- _WORK REQUEST_
The required output is a verbatim transcription of the listing, pictures excluded.
◆ ◆ ◆ ◆
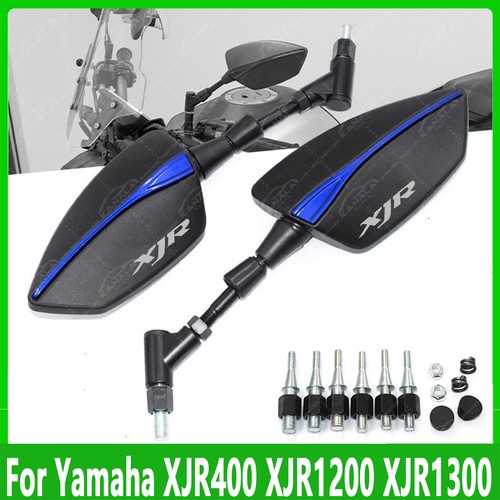 For yamaha 400 xjr1200 xjr1300 - yamaha,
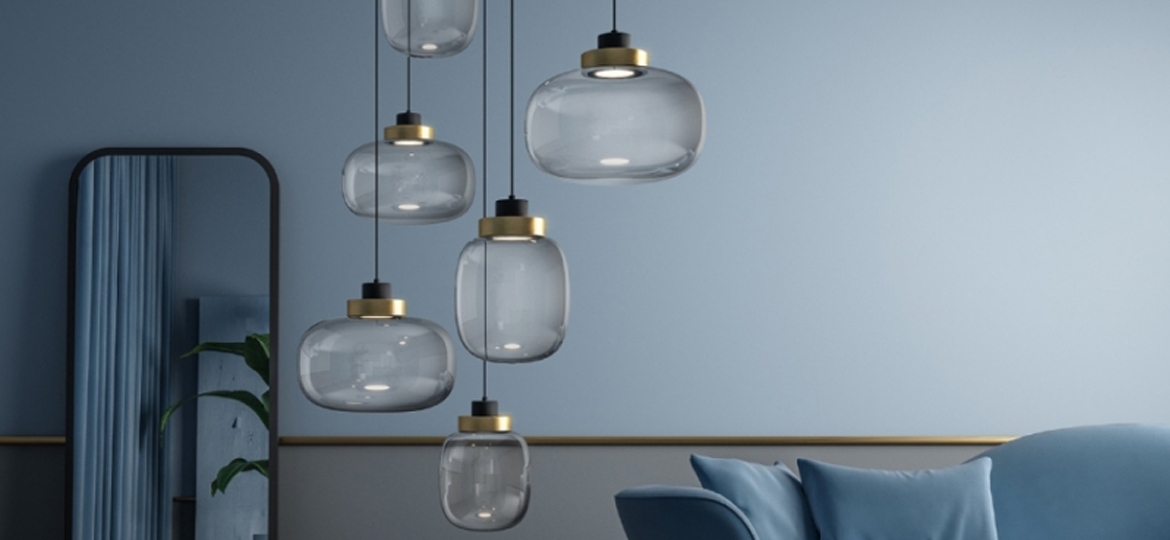 Get INSPIRED BY TOOY - Belvedere è rivenditore autorizzato Tooy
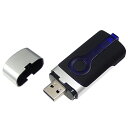 USBڑ GPSW[ obe[ GPSf[^K[ GPSf[^K[ŃN}̋OՁAނ̃|CgOՁAoROՂL^悤I ALW-GT-730FL-S | gpsK[ gpsV[o[ f[^ۑ p\RӋ@ oR ނ hCu AEghA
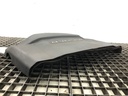 STARK-493112-2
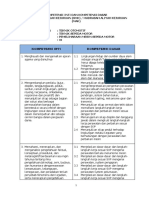 17-ki-kd-pemeliharaan-mesin-sepeda-motor-kelas-xi (1).doc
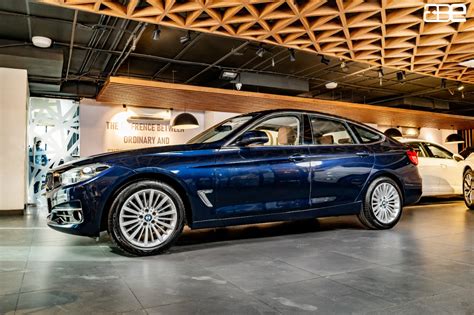 What is Electronic Stability Control System In Car | ABE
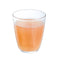 Glas Luminarc Concepto Transparant Glas 310 ml (24 Stuks)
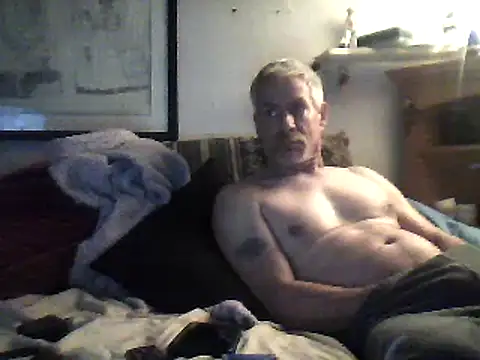 Snapshot of Biknight chatting on January 26, 3:59 am Biknight online show from January 26, 3:59 am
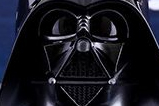 08-figura-Darth-Vader-Movie-Masterpiece-star-wars.jpg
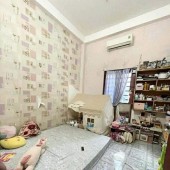 NHÀ NGAY TRUNG TÂM QUẬN TÂN BÌNH - ĐƯỜNG 8M THÔNG TỨ TUNG - 26M2 - 5.1 TỶ Ni Sư Huỳnh Liên, Bảy Hiền, Tân Bình nhà đẹp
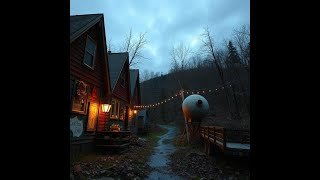 Melon Movie Full Length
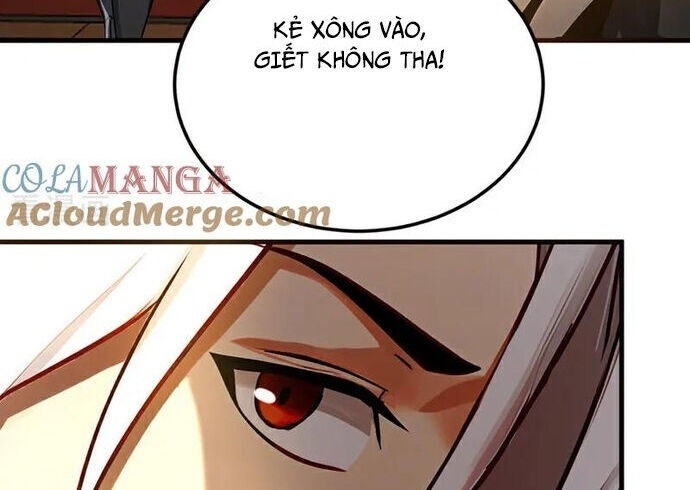 Đệ Tử Tu Luyện Còn Ta Thì Lười Biếng - Page 36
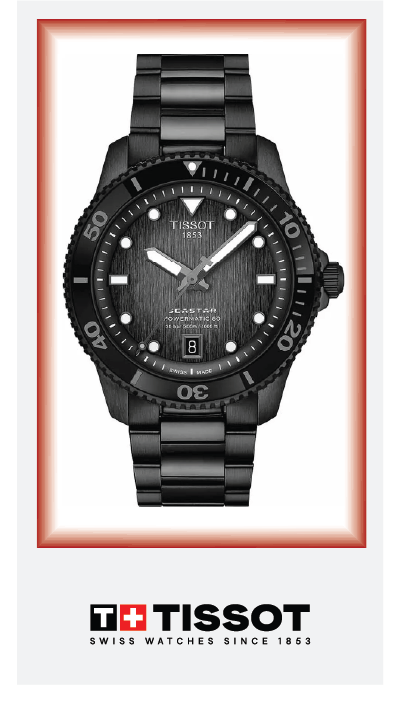 LAST CHANCE SWISS DEALS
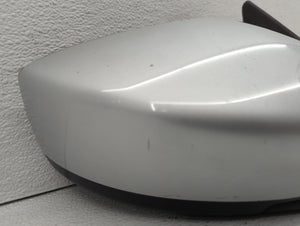 2018-2021 Nissan Kicks Side Mirror Replacement Passenger Right View Door Mirror P/N:E4044622 Fits 2018 2019 2020 2021 OEM Used Auto Parts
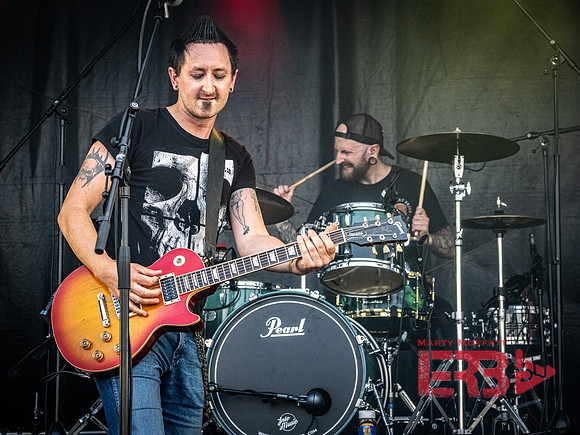 fallingred2025cotw042-42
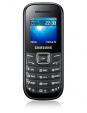 Продам мобильный телефон Samsung GT-E1200i.Цена 400 рублей.... оголошення Bazarok.ua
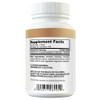 Weight Gainer B-12 Chewable Absorbs Faster Than Weight Gain Pills for Fast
◆ ◆ ◆ ◆
- _ANSWER TO THIS EXERCISE_
 For yamaha 400 xjr1200 xjr1300 - yamaha,
 Get INSPIRED BY TOOY - Belvedere è rivenditore autorizzato Tooy
 USBڑ GPSW[ obe[ GPSf[^K[ GPSf[^K[ŃN}̋OՁAނ̃|CgOՁAoROՂL^悤I ALW-GT-730FL-S | gpsK[ gpsV[o[ f[^ۑ p\RӋ@ oR ނ hCu AEghA
 STARK-493112-2
 17-ki-kd-pemeliharaan-mesin-sepeda-motor-kelas-xi (1).doc
 What is Electronic Stability Control System In Car | ABE
 Glas Luminarc Concepto Transparant Glas 310 ml (24 Stuks)
 Snapshot of Biknight chatting on January 26, 3:59 am Biknight online show from January 26, 3:59 am
 08-figura-Darth-Vader-Movie-Masterpiece-star-wars.jpg
 NHÀ NGAY TRUNG TÂM QUẬN TÂN BÌNH - ĐƯỜNG 8M THÔNG TỨ TUNG - 26M2 - 5.1 TỶ Ni Sư Huỳnh Liên, Bảy Hiền, Tân Bình nhà đẹp
 Melon Movie Full Length
 Đệ Tử Tu Luyện Còn Ta Thì Lười Biếng - Page 36
 LAST CHANCE SWISS DEALS
 2018-2021 Nissan Kicks Side Mirror Replacement Passenger Right View Door Mirror P/N:E4044622 Fits 2018 2019 2020 2021 OEM Used Auto Parts
 fallingred2025cotw042-42
 Продам мобильный телефон Samsung GT-E1200i.Цена 400 рублей.... оголошення Bazarok.ua
 Weight Gainer B-12 Chewable Absorbs Faster Than Weight Gain Pills for Fast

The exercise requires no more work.